Dear boyfriends from hell,
Oops! Let me try this again.
Dear boyfriends who make our lives a living hell,
I can imagine you burping over ‘maa ke haath ka khana’ and then, sitting to read this! But not without laughing off my comment! Well, whatever!
I know when you finish reading this open letter (if you do), because it is a matter all girlfriends are concerned about, you won’t lend a supportive ear, but instead, shirk it off with a dismissive shrug and a typical ‘you are overreacting’ remark- but nonetheless, I will go on!
I hope I am not interrupting your soccer match that happens everyday now because you have a team in each league from the English Premiere League to the Indian Super League and the new app for demented people like you, the Fantasy Premier League!
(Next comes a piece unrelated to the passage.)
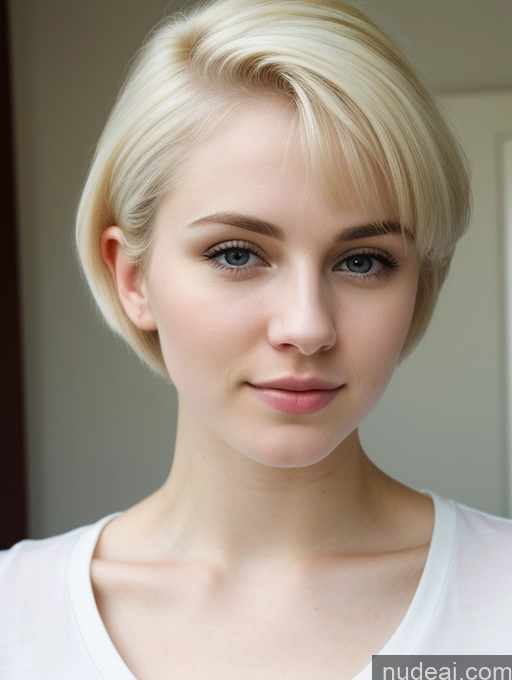 ai nude image of blond woman with short hair and blue eyes posing for a picture pics of Beautiful Fairer Skin 18 Blonde Pixie Russian Close-up View Shirt Woman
All of it pitted against complaints of me being ‘glued too bad to the television!’ Ever considered telling your lovely mom who is stuck to her set watching runs and then reruns of ‘Simar ka sasuraal’ to decipher hidden elements that even the makers of the show might have failed to grasp? No? Then, grow a pair and be fair! At least, I am watching Hollywood Access and jumping in joy about Kaley breaking up with Ryan! That’s just good news! And no, I am not acting out of sorts here because I am PMSing! I often wonder if you learned this acronym from your sixth grade convent-going dilli-wali girlfriend and know what it stands for? Google it, “bhai”, instead of employing your search engine in your never-ending hunt for the latest porn videos (which you prefer western like the Scotch that you drink, eh?!) from Mr. X’s website!
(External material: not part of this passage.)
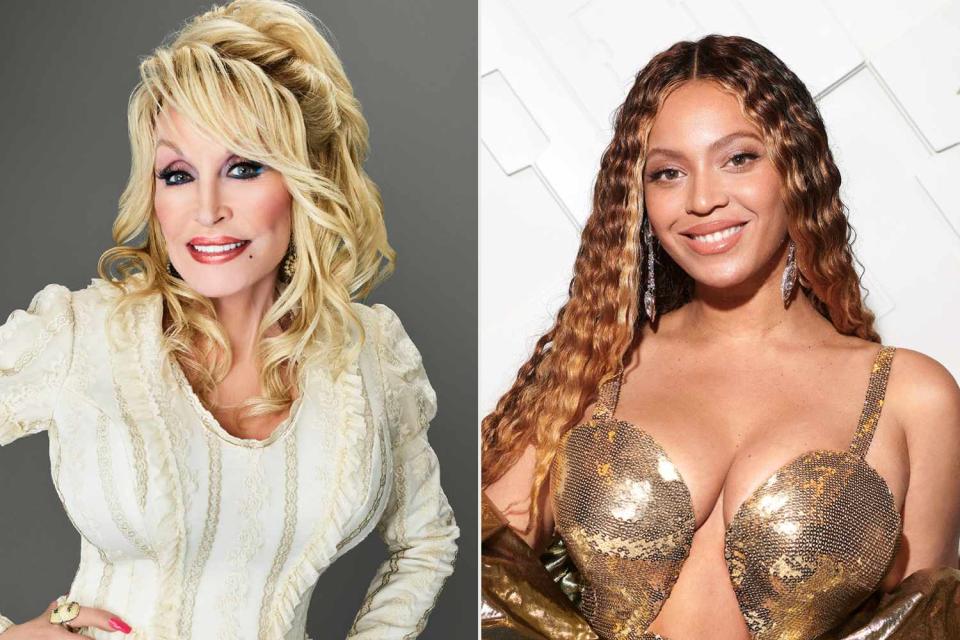 <p>Miller Mobley/NBC via Getty; Mason Poole/Parkwood Media/Getty Images for Atlantis The Royal</p> Dolly Parton, Beyoncé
I am writing this to you hoping that today, not being a weekend (and hence, bros time), you may actually read it. Long shot? Well… Yeah, I am referring to your weekend which for me translate into no calls, no texts, no nothing werewolf ruling for Saturdays and Sundays! But if you are still out with your buds (coz how’d I know- you don’t tell me), it might get difficult to load the whole letter. So, I will keep it short. But if the conversations around you (about who has a larger… wallet, I mean ;)) become too interesting, you will skip this letter, I know. Just the way you skip my Whatsapp messages although you are online! No, my letter’s not all proper because a “gay” friend’s helping me out with it- I inverted commas around the word because I know how much it scares you, you homophobic retard!
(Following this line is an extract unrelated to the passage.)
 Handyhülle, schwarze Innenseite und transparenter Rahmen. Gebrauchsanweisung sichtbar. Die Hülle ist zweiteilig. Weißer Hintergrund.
See, how carried away I get when I talk to you, because of your interesting nutty personality of course! Coming back to the point, I hope that you remember we had a fight last weekend over why I cannot become best friends with your best friend’s girlfriend, so that you and your best friend can hang out more often! Phew! I wonder why you strain your pea-sized brains so much, you bum! Well, I still feel strongly about my argument and intend to stick my guns (coz you don’t make my life’s decisions for me- especially those that concern friendships) which, of course, you viewed as a heart-wrenching ‘Nirupa Roy’ scream of ‘Nahiiiiiiii’ and more ‘overreacting.’ Guess what? I will just say that’s my normal and you may choose to deal with it or let it be. And, just so you know, there is no chance that I will make up this time round! I know about your “ladki bus ki tarah hoti hai joke”. Yes, I never found it funny! But if it is a philosophy that guides you, so be it! I am only letting you to let you know that once ‘tumhari utar jaye’ do not leave me 140 missed calls, 201 whatsapp texts or tag me in obnoxious “miss you janu” “I am sorry, my pari” posts!!! Also, if I see any shayari on my wall or sappy Youtube songs posted on my wall… I will find you and KILL you! So, if you will, skip all these rehearsed steps of a fake break up and jump to step 6 in week 2: calling up the ex you are still in touch with (yes, I knew it all along). Let her have you (God save her soul) coz I am not interested in your second-hand jawaani anymore!